In the data below, locate the line containing "OffsetKey - Extensor para espacios reducidos" and the line containing "SINS OF YOUTH", then retype both and everything between them exactly. Pictures are not part of the copy.

[DATA IN THIS EXERCISE]:

....

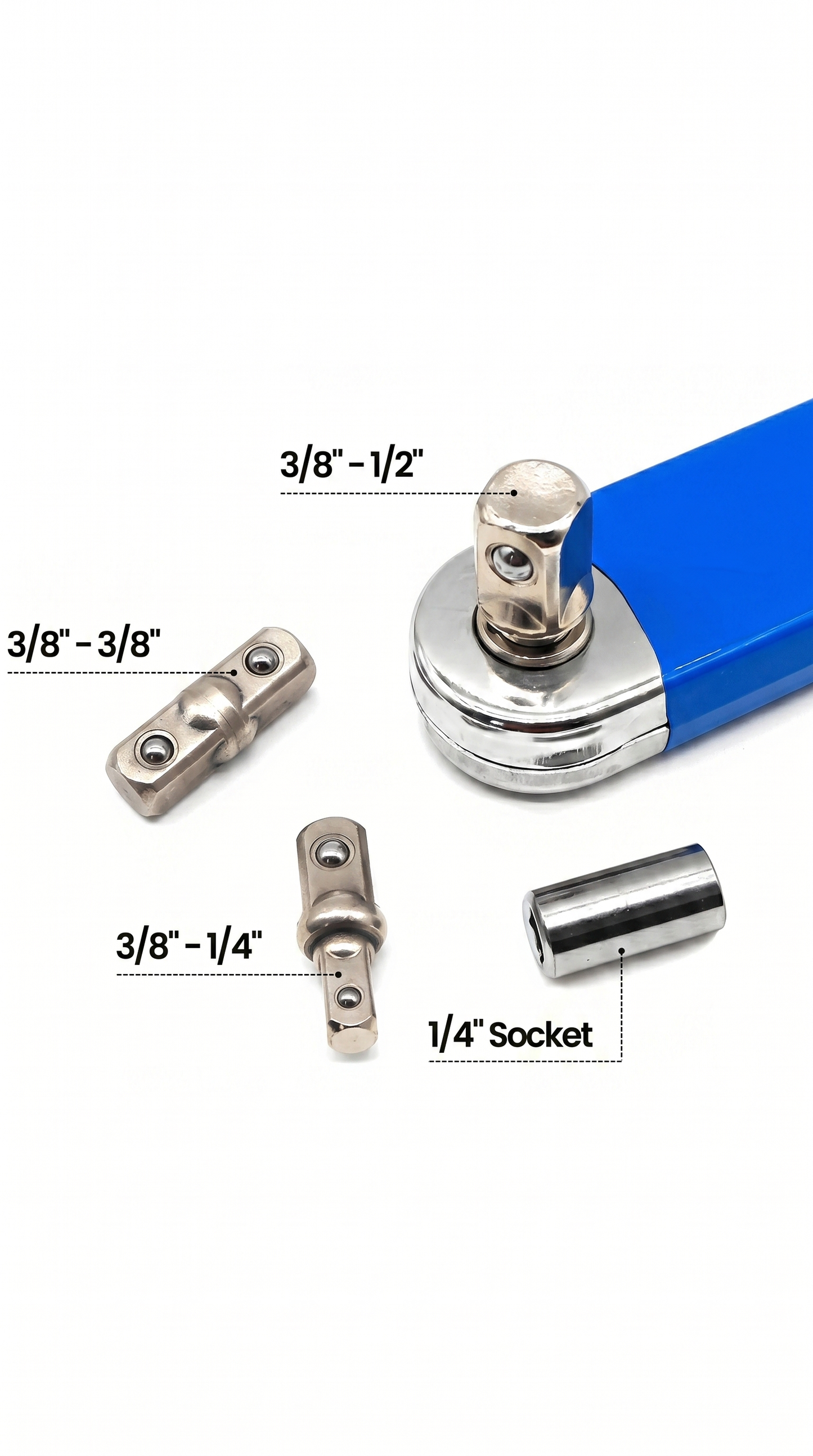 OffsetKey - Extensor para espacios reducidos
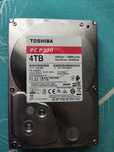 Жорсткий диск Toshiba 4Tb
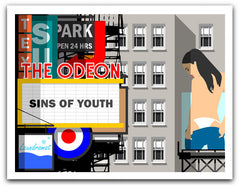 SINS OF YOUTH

....

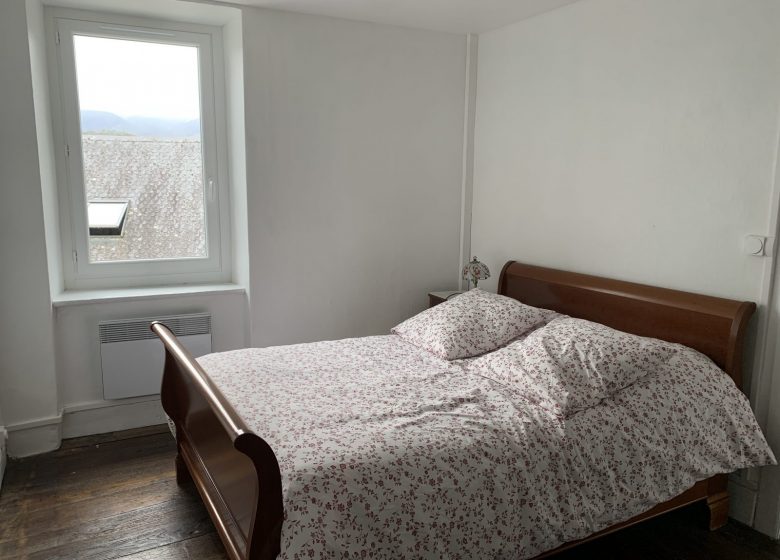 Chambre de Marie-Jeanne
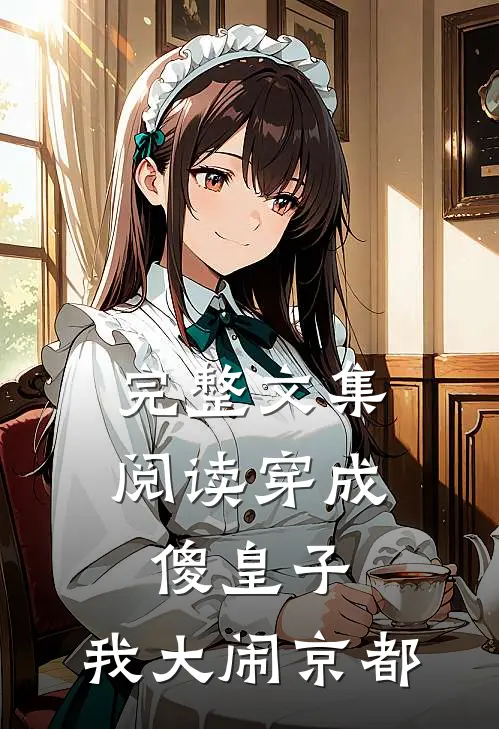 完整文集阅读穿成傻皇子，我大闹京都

....

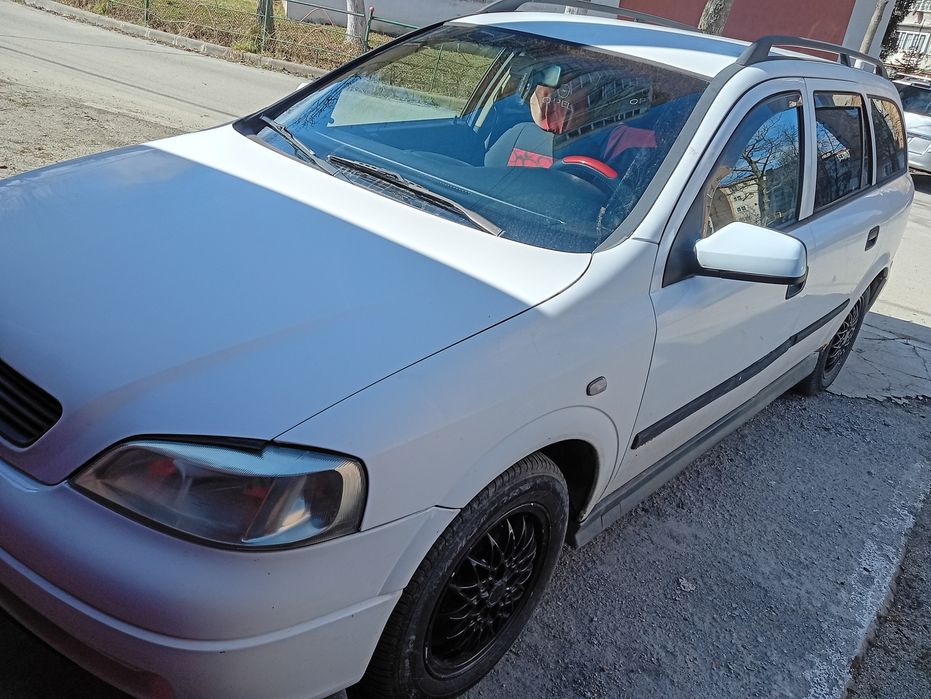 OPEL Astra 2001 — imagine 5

....

[RESPONSE AREA]:
 OffsetKey - Extensor para espacios reducidos
 Жорсткий диск Toshiba 4Tb
 SINS OF YOUTH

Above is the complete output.